In 1956, Wynter met the Guyanese actor and novelist Jan Carew, who became her second husband. In 1958, she completed Under the Sun, a full-length stage play, which was bought by the Royal Court Theatre in London. In 1962, Wynter published her only novel, The Hills of Hebron.

After separating from Carew in the early 1960s, Wynter returned to academia, and in 1963, was appointed assistant lecturer in Hispanic literature at the Mona campus of the University of the West Indies. She remained there until 1974. During this time the Jamaican government commissioned her to write the play 1865–A Ballad for a Rebellion, about the Morant Bay rebellion, and a biography of Sir Alexander Bustamante, the first prime minister of independent Jamaica.

In 1974, Wynter was invited by the Department of Literature at the University of California at San Diego to be a professor of Comparative and Spanish Literature and to lead a new program in Third World literature. She left UCSD in 1977 to become chairperson of African and Afro-American Studies, and professor of Spanish in the Department of Spanish and Portuguese at Stanford University, where she worked until 1997. She is now Professor Emerita at Stanford University.
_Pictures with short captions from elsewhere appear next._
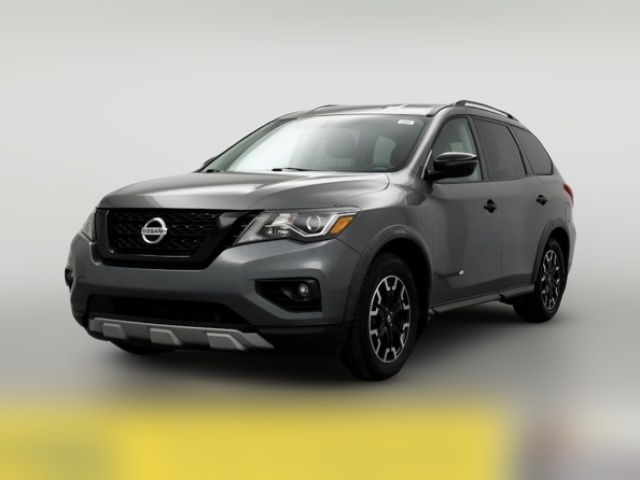 2019 Nissan Pathfinder SV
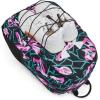 imageUnder Armour UnisexAdult Hustle Sport Backpack 433 Tech BlueTech BlueWhite One Size Fits All572 Vivid Magenta  Black  White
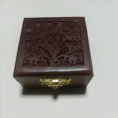 Decorative Wooden Carving Gift Box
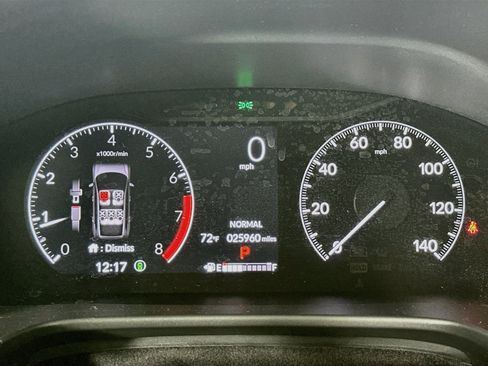 Used 2025 Honda CR-V LX image 18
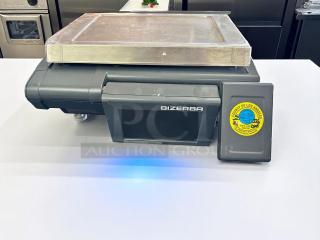Awesome Condition – Bizerba Retail Scale with Touchscreen Display –110–120V –  Fully Tested & Working!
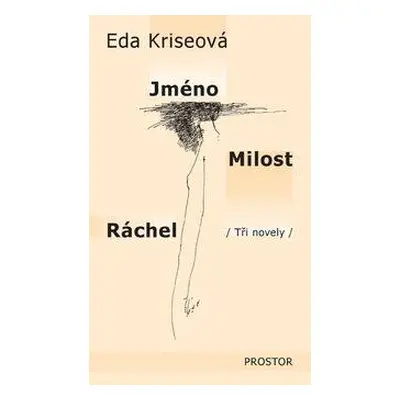 Jméno, Milost, Ráchel (Eda Kriseová)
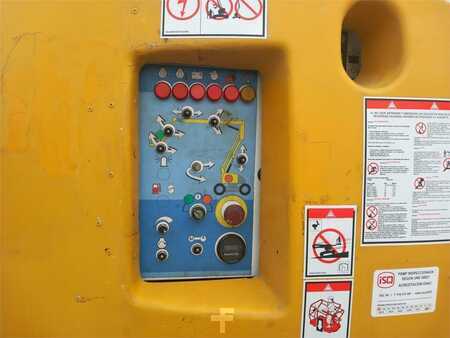 Teleskooppipuominostimet - Haulotte HA260PX (11)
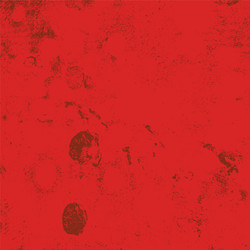 Red grunge background vector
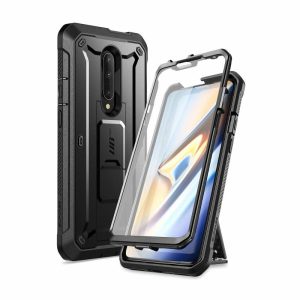 OnePlus | OnePlus 7 Pro Unicorn Beetle Pro Full-Body Holster Case-Black OnePlus Black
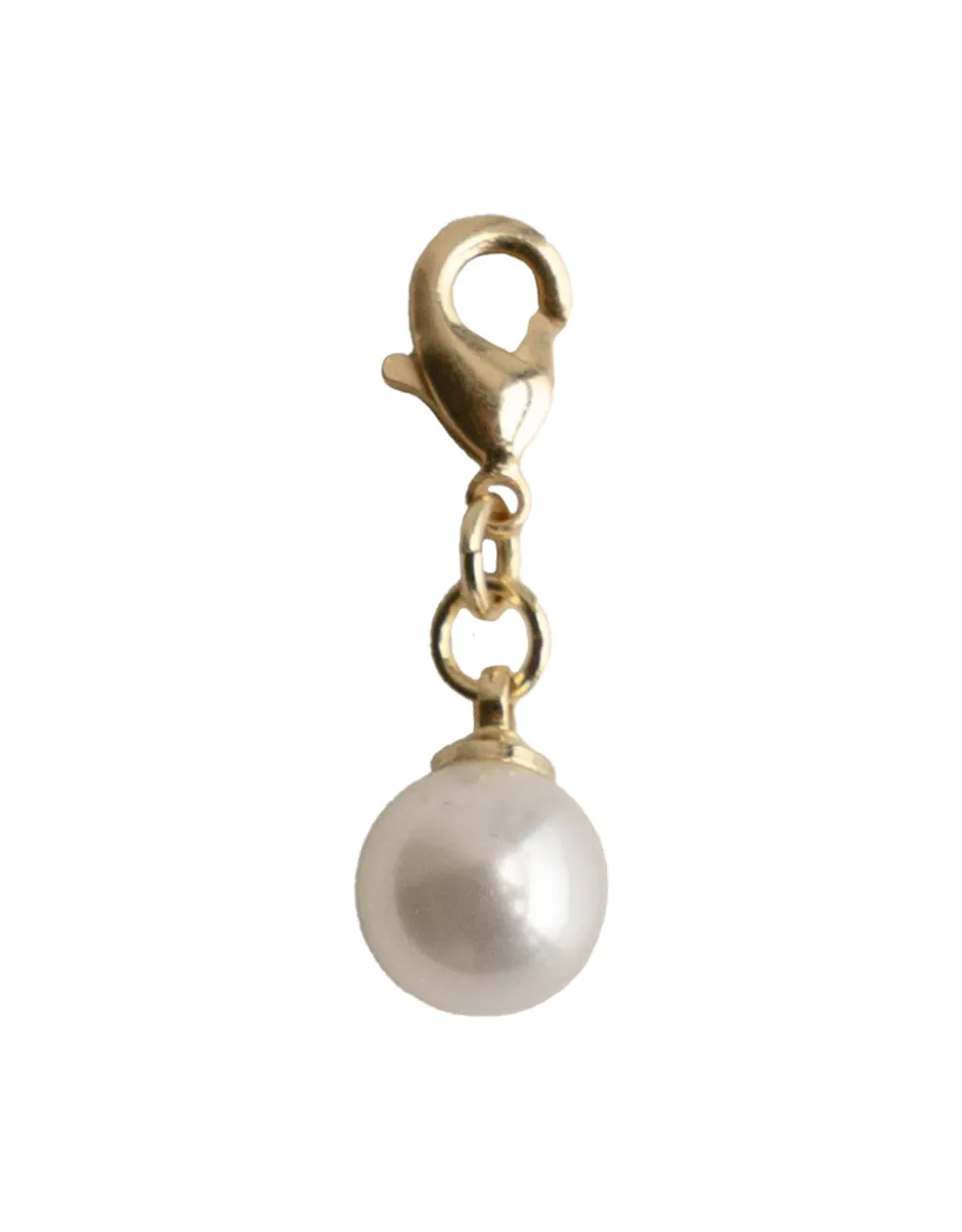 Bra Charm Pearl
In the mid– to late–1960s, Wynter began writing critical essays addressing her interests in Caribbean, Latin American, and Spanish history and literatures. In 1968 and 1969 she published a two-part essay proposing to transform scholars' very approach to literary criticism, "We Must Learn to Sit Down Together and Talk About a Little Culture: Reflections on West Indian Writing and Criticism." Wynter has since written numerous essays in which she seeks to rethink the fullness of human ontologies, which, she argues, have been curtailed by what she describes as an over-representation of (western bourgeois) Man as if it/he were the only available mode of complete humanness. She suggests how multiple knowledge sources and texts might frame our worldview differently.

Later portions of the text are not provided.